Себастьян сидел напротив и прожигал меня сожалеющим взглядом. Я старалась не разговаривать с ним, думая только о том, что услышала утром у моря.
Корбатов обсуждал случившееся с Уизли, и мне пришлось рассказать ему про трупы волков на той самой поляне.
— В вашей мифологии, насколько я сведущ, — начал он, — волк означает враждебность и смерть. Думаю, тут весьма символический подтекст. Но… — он нахмурился и погрузился в угрюмые размышления.
— Что «но»? — заинтересовался Себастьян, оторвав наконец от меня взгляд.
— Анимаги. В роду Уизли есть кто-то такой? — Корбатов обратился именно ко мне, и это заметно рассердило Сэллоу. Тот свирепо раздул ноздри и, цокнув, сложил на груди руки.
— Понятия не имею. Но не думаю, они же… — я замялась, подбирая подходящее слово.
— Слабые волшебники, — закончил за меня Себастьян, кривя губы в издевательской улыбке.

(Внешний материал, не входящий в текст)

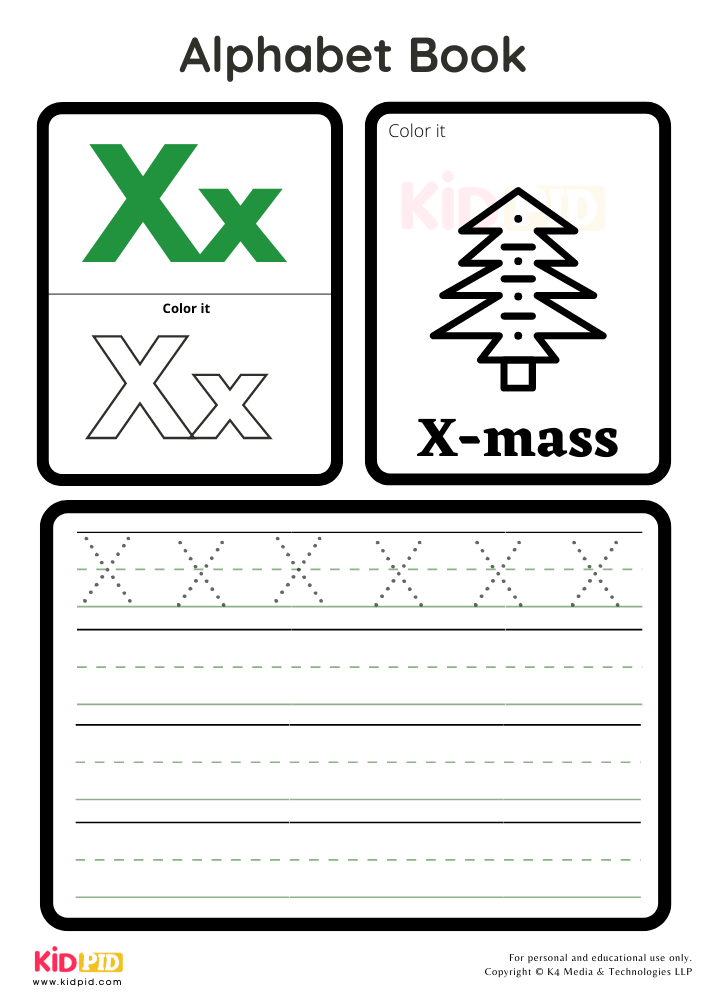 Alphabet Activity Book- X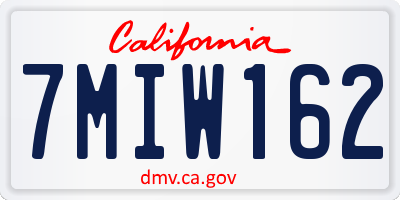 CA license plate 7MIW162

— Сказал «невероятно сильный» волшебник, — в его манере пропела я и встала из-за стола, чтобы налить себе чаю. Корбатов, не замечая нашей перепалки, подпёр кулаком подбородок и крепко задумался.
Пока я делала чай, сзади бесшумно подкрался Себастьян.
— Он заснул, — еле сдерживая смех, Сэллоу кивнул в сторону профессора. Тот действительно задремал, во сне хмуря лоб и что-то бормоча себе под нос.